= Victoire Jean-Baptiste =

Victoire Jean-Baptiste (1861–1923), known as "La Belle Victoire", was a politically influential Haitian woman, mistress to President Florvil Hyppolite and highly influential during his term of office. She had previously been the mistress of Hyppolite's successor, Tirésias Simon Sam, and was granted immunity by him after the death of Florvil Hyppolite.

==Life==
Victoire Jean-Baptiste was a poor illiterate from the countryside outside Cap-Haïtien. In 1886, she was temporarily the mistress of Tirésias Simon Sam. After this, she was a servant to Geline Hyppolite, spouse of Florvil Hyppolite, and the lover of their son, Chéry Hyppolite.

When Florvil Hyppolite became president in 1889, Victoire Jean-Baptiste was moved to the presidential palace in Port-au-Prince, and after the death of Chery in 1893, she functioned openly as the First Lady of Haiti in official ceremonies. She had a great influence in the affairs of state. The president stated that her will in political matters should be respected: she played a great role in the appointment of offices and was regularly given large sums from the state to her private projects, such as a sugar plantation. In 1894, her support made Tirésias Simon Sam minister of war.

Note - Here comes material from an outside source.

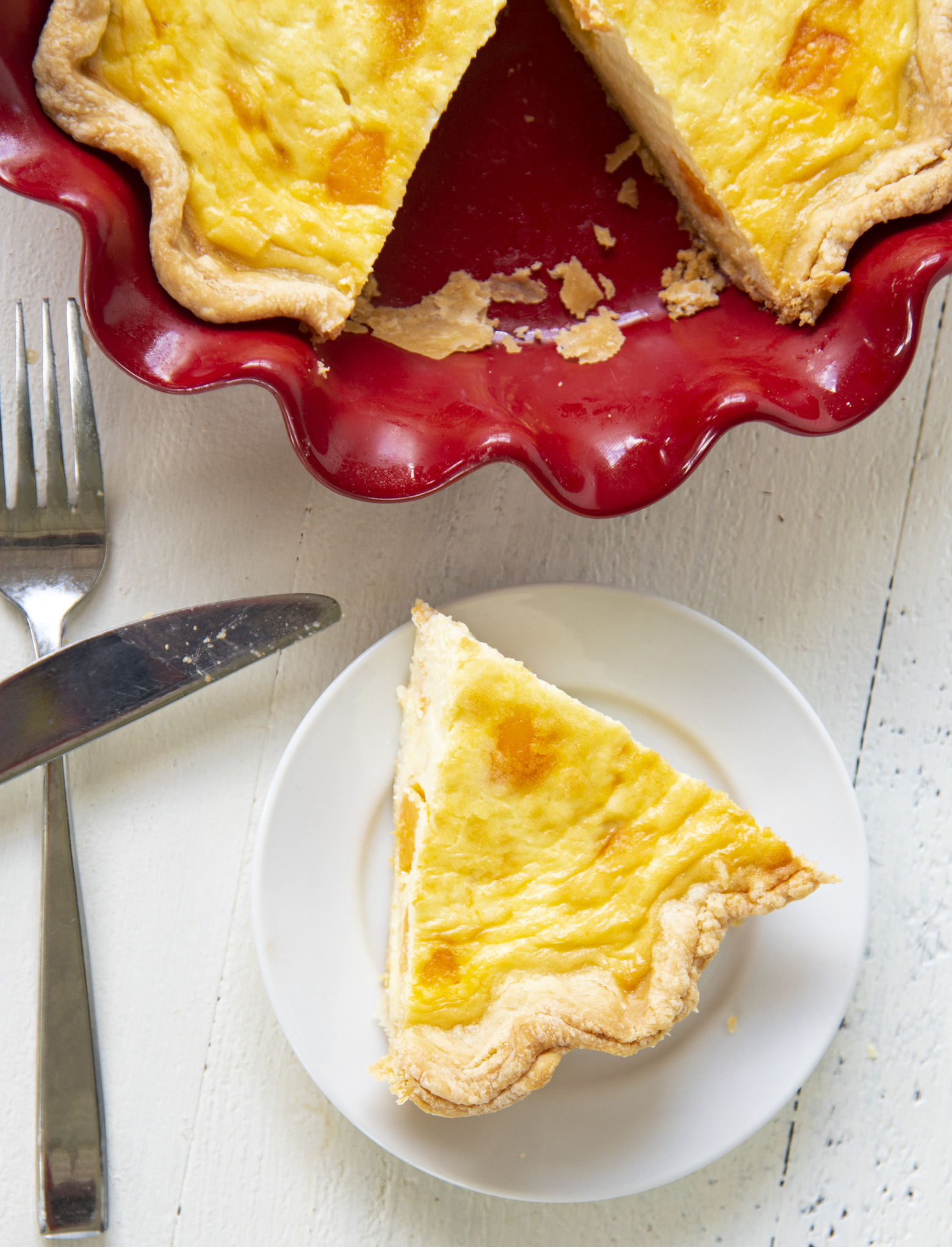 Overhead shot of Vegetarian Triple Cheddar Quiche slice on a plate with the pie pan in the photo.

She shared with President Hyppolite the practice of Haitian Vodou and their common origin in the North of Haiti. During Hyppolite's presidency she became the owner of two properties in the North: Bayeux and Pétro and a few houses in Cap-Haïtien.

At the death of Florvil Hyppolite in 1896, she sought refuge at the French embassy. The successor of Hippolyte, however, was Tirésias Simon Sam, who had promised Hyppolite to treat her well because of her service to the state. She settled in Cap-Haïtien with Edward Jerome from Martinique and lived on her fortune. She was given a very bad name in the history of Haiti.